Pictures stay out. Everything else in the listing below gets written out exactly.

Dataset section:

┄┄┄┄┄┄┄┄┄┄

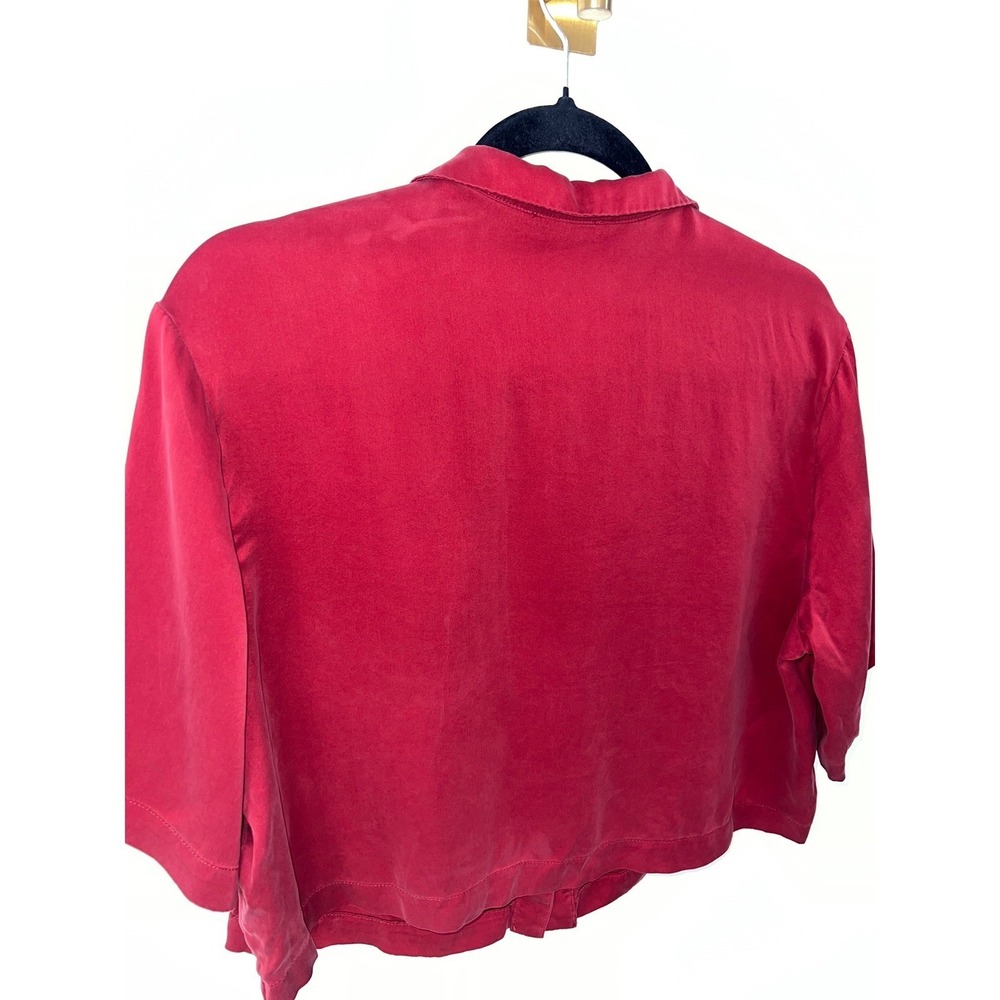 Quince 100% Silk Pajama Set Cropped Top Washable Wide Leg Pant Lounge Red Medium - Picture 4 of 10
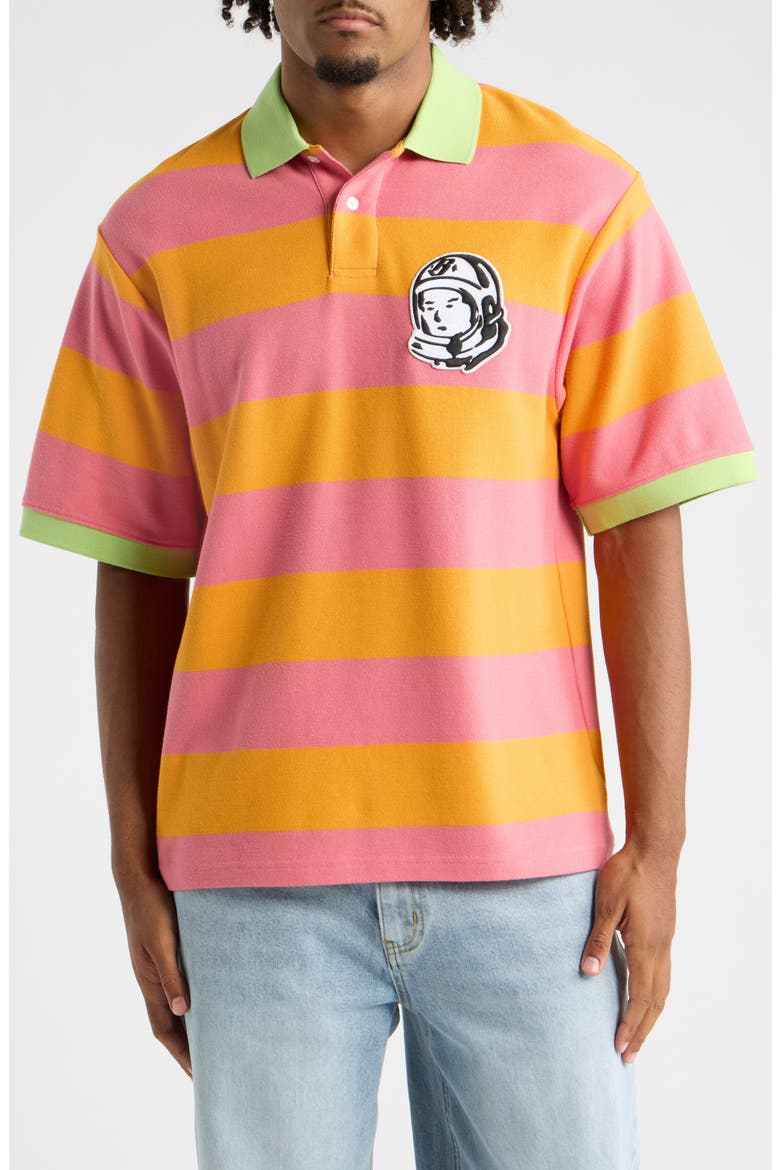 BB Tribeca Stripe Cotton Piqué Polo, Main, color, DESERT ROSE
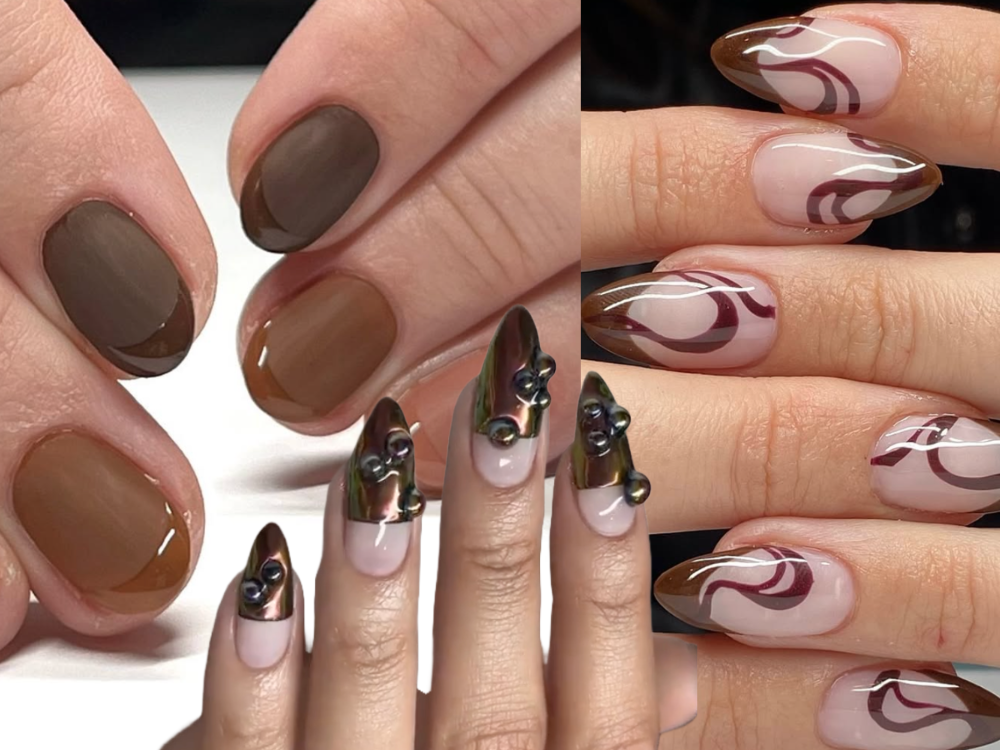 brown french tip nails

┄┄┄┄┄┄┄┄┄┄

Answer:
 Quince 100% Silk Pajama Set Cropped Top Washable Wide Leg Pant Lounge Red Medium - Picture 4 of 10
 BB Tribeca Stripe Cotton Piqué Polo, Main, color, DESERT ROSE
 brown french tip nails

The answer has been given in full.